Monique Thomassettie, Un jeu de piste multiple Au carrefour des temps (ed Monéveil, 2024, 75 pages, 12 euros)
Ce livre ( illustré par deux belles huiles de l’autrice), clôt une trilogie dont Monique Thomassettie dit elle- même qu’il s’agit de « Trois autobiographies partielles. Si elles se recoupent et se complètent, elles demeurent fragmentaires. »
Les textes, qui remontent loin en arrière dans sa vie, disent en mots courageux et sincères venus du tréfonds d’elle-même, la ligne brisée de la vie. Les blessures, « les choses refoulées. Refoulées à défaut d’avoir été résolues », les souvenirs des rêves éveillés.
Les saisons, les bois, semblent faire partie intégrante de l’autrice, comme les forêts de ses réflexions et questionnements incessants. Sur la mort en particulier, elle s’interroge : « existentiel enfer où l’on abandonne ses espérances? ».
Une foule de questions « qui se ramassent à la pelle. Pour un humus d’où jaillira la réponse verte d’un bourgeon ». Monique Thomassettie se voit « feuille », mais « ni plus ni moins vaine que les autres, cette feuille était la mienne! Particulier, son envol. Particulière sa chute ».
Elle s’est véritablement créé un monde à elle, où l’Art, la création sous toutes ses formes, tiennent une grande place, et qui lui est sans doute aussi refuge.
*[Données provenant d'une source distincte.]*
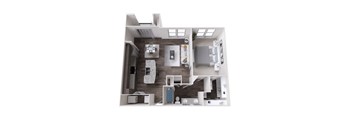 A cutaway view of a modern apartment layout with a kitchen, living room, and bedroom.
Le recueil semble à première vue un peu déconstruit, composé d’une succession de poèmes, de textes poétiques, de réflexions, de réminiscences, un mélange où l’on aurait parfois peur de se perdre. Mais l’on sent que ce qui relie le tout, ce qui relie « les diverses palpitations de sa (ma) vie », assurément c’est le souffle, un souffle qui « se lève. S’envole et revient ». C’est ce souffle qui porte son inspiration poétique, et porte Monique Thomassettie toute entière.
« Je ne mourrai pas de ne pas exister », dit-elle. Elle est comme le vent, « le vent, n’est-ce pas l’esprit qui souffle comme il peut. Errance de nos vies, au fil insaisissable ».
Son écriture a un charme envoutant, essaimée de fulgurances, de métaphores, de rapprochements réussis et parfois inattendus. « Le Temps passe, signifie bien entendu : je passe ! »
L’autrice se livre ainsi à nous dans un subtil jeu de mémoire, un véritable jeu de piste (« éveillé », ou « endormi ») à travers sa vie, par de nombreux retours en arrière ; un travail éprouvant qui, comme elle le déclare à la fin du recueil, ne cherche pas à savoir ni où l’on est, ni « vers où l’on va », mais « de comprendre un peu mieux d’où l’on vient ».